Alexander (Alec) Badenoch (1971) is Assistant Professor in Media and Cultural studies.  He is also the Beeld en Geluid Endowed Professor of Transnational Media at the VU Amsterdam,where he is PI on the JPI-CH project "Polyvocal Interpretations of Contested Colonial Heritage" and was member of the NWA Route Kunst small project "Artists' Community Knowledge (ACKnowledge)".  He has a BA from the University of the South (1993), an MA in Social Science from the University of Chicago (1995) and a PhD in Modern Languages from the University of Southampton (2004).

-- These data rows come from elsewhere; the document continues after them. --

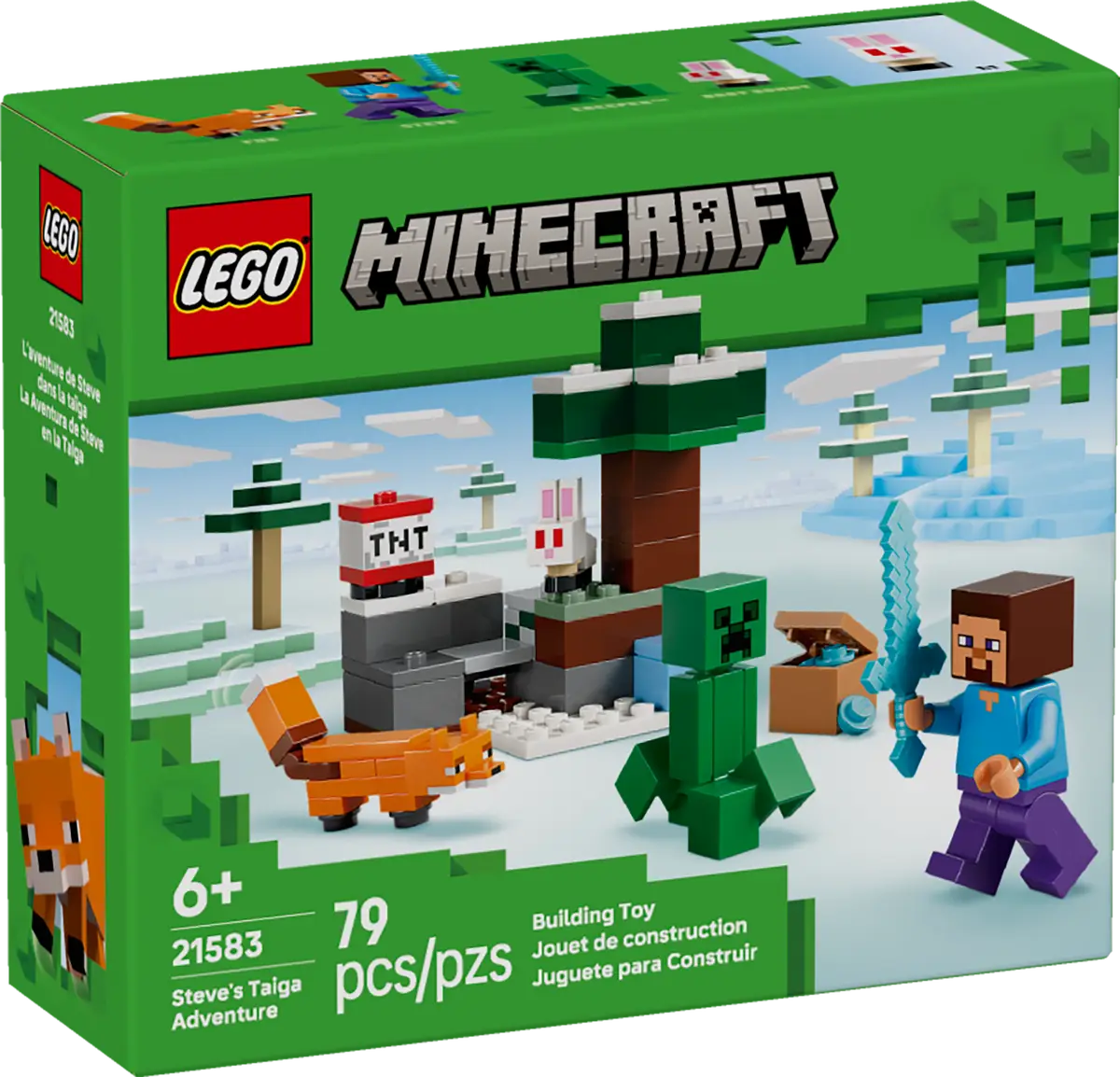 Steves Taiga Adventure 21583, Lego Minecraft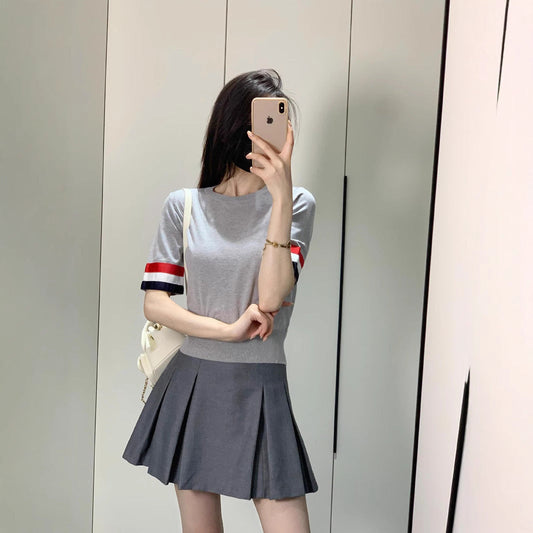 Women's Double Sleeve Label Shirt(复制) THOM TREND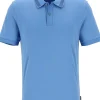 BOSS Phillipson slim fit heren polo, pique, kobalt blauw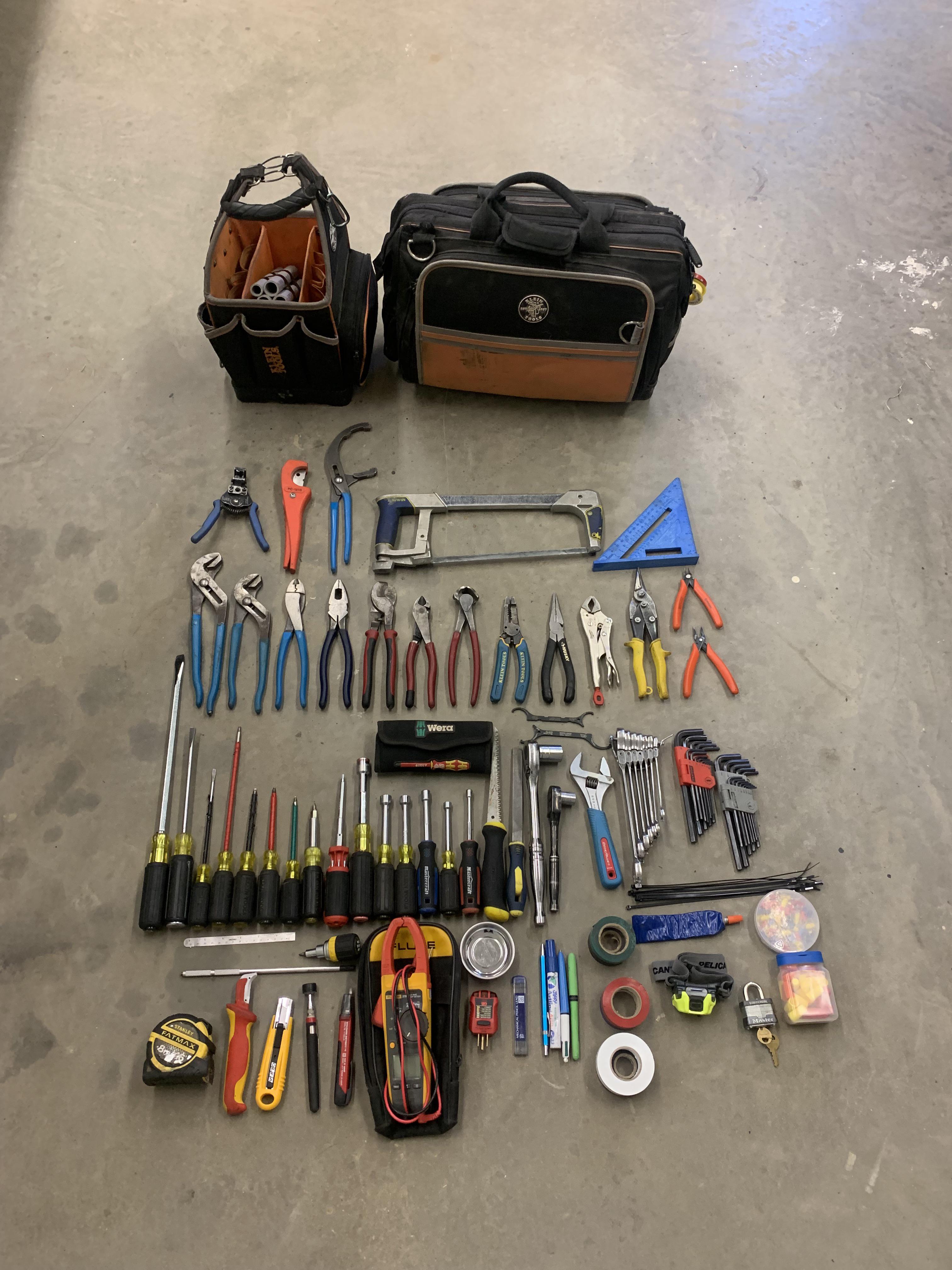 Cleaned up the hand tools Industrial maintenance r/electricians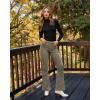 imageHybrid ampamp Company Super Comfy Stretch Women 5 Pockets Corduroy Boot Cut PantsP21951blolive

He was the leading researcher on the HERA-project “ Transnational Radio Encounters (TRE)” 2013-2016, and member of the NWA VWData Project "Capturing Bias: Diversity-aware Computation for Accurate Big Media Data Analysis" led by Prof Lora Aroyo of the VU Amsterdam 2017-2018. He is author of Voices in Ruins: West German Radio across the 1945 Divide (winner, 2007-8 IAMHIST Prize), and was chief editor of the Inventing Europe Digital Museum (www.inventingeurope.eu).  He sits on the steering committee of the Entangled Media Histories (EMHIS) network co-founder of the Women’s Radio in Europe  (WREN) and Transmitting and Receiving Europe (TRANS) research networks, and was a is longtime board member (including Vice President and President) of the Studienkreis Rundfunk und Geschichte (German broadcasting History Society). His research covers a range of topics in 20th Century transnational history, and draws on disciplines ranging from media and cultural studies, cultural geography, gender studies, and history of technology.  

Badenoch's research falls into three key strands:

 

  • Broadcasting and (trans)national identities. As the leading media of the 20th century, radio and television have simultaneously consolidated ideas of national belonging and provided access to imagined global spheres.    Radio and television (and their multiply-mediated forms) are approached less as objects of study in themselves than as privileged pathways into broader social questions and intermedial entanglements.  Current research looks into the entanglements of radio broadcasting and international women's movements in the post-WWII era.

 

  • Digital heritage and networked constructions of the past  Building on experiences editing an online virtual exhibit, as well as the new exhibition and navigation platform radio.garden, this strand of research focuses on the problems and possibilities of networking heritage in the age of aggregation and convergence.

 

  • Infrastructures, territories and transnational mobility, focusing on the way the building of networks both envisages and enables forms of mobility in European spaces. What are the technologies, insitutions and discourses that allows things, people and ideas to circulate, and how are they mediated?  This also includes alternative or counter-spaces, such as the offshore broadcasters in the North Sea, and the squatted spaces in Amsterdam and their key links to the rise of internet culture there.